International Journal of Epidemiology, Vol 28, 793-798, Copyright © 1999 by International Epidemiological Association
JY Le Hesran, I Personne, P Personne, N Fievet, B Dubois, M Beyeme, C Boudin, M Cot and P Deloron
BACKGROUND: Individuals may be homozygous (SS) or heterozygous (AS) sickle
cell gene carriers or have normal adult haemoglobin (AA). Haemoglobin S
could have a protective role against malaria but evidence is sparse and the
operating mechanisms are poorly known. METHODS: We followed two cohorts of
children. The first was enrolled at birth (156 newborn babies) and the
second at 24-36 months old (84 children). Both cohorts were followed for 30
months; monthly for parasitological data and half yearly for immunological
data. RESULTS: In the first cohort, 22%, and in the second 13% of children
were AS. Whatever their age parasite prevalence rates were similar in AA
and AS individuals.

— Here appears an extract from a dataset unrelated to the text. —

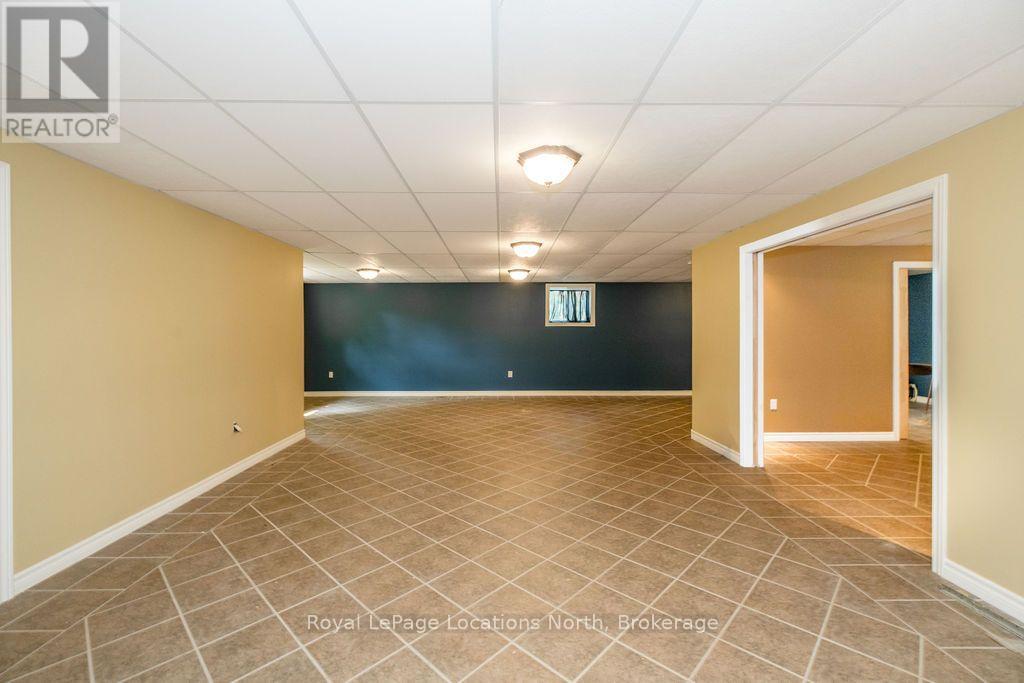 128 Spruce Street, Tiny, Ontario  L0L 1P1 - Photo 31 - S13577018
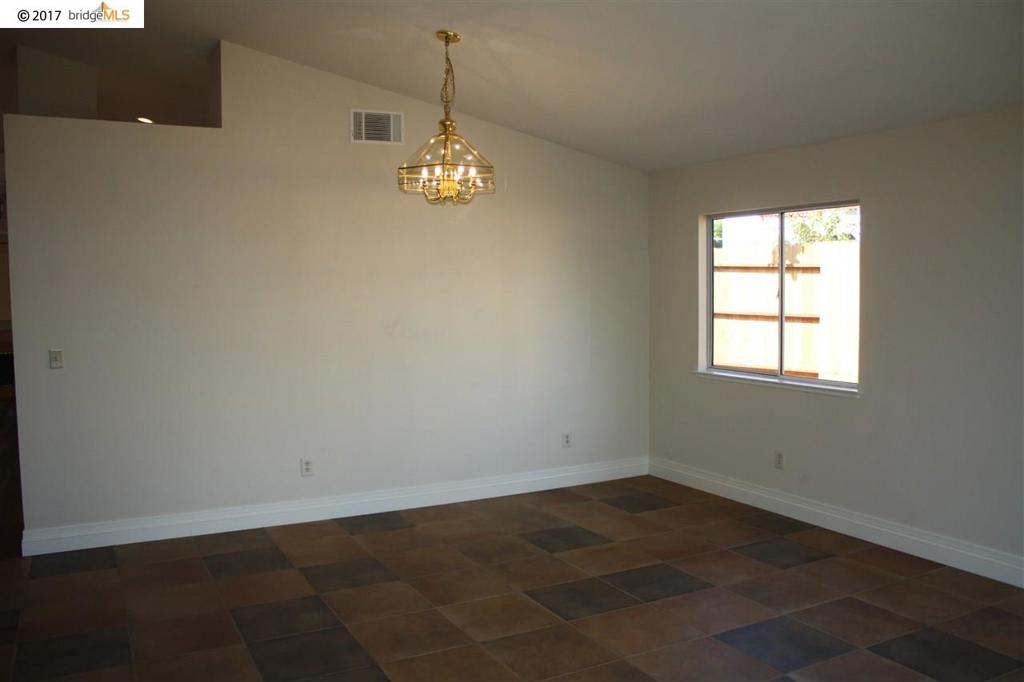 OAK GROVE - Residential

Mean parasite densities increased less rapidly with age
in AS than in AA children, and were significantly lower in AS than in AA
children >48 months old. The AA children tended to be more often
admitted to hospital than AS children (22% versus 11%, NS). Both
anti-Plasmodium falciparum and anti-Pfl55/RESA antibody rates increased
more rapidly in AA than in AS children. Conversely, the prevalence rate of
cellular responders to the Pfl55/RESA antigen was similar in AA and AS
children during the first 2 years of life, then it was higher in AS than in
AA children. CONCLUSIONS: Sickle cell trait related antimalarial protection
varies with age. The role of the modifications of the specific immune
response to P. falciparum in explaining the protection of AS children
against malaria is discussed.
ARTICLES
Longitudinal study of Plasmodium falciparum infection and immune responses in infants with or without the sickle cell trait
Institut National de la Sante et de la Recherche Medicale, Unite 13 Institut de Medecine et d'Epidemiologie Africaine, Paris, France.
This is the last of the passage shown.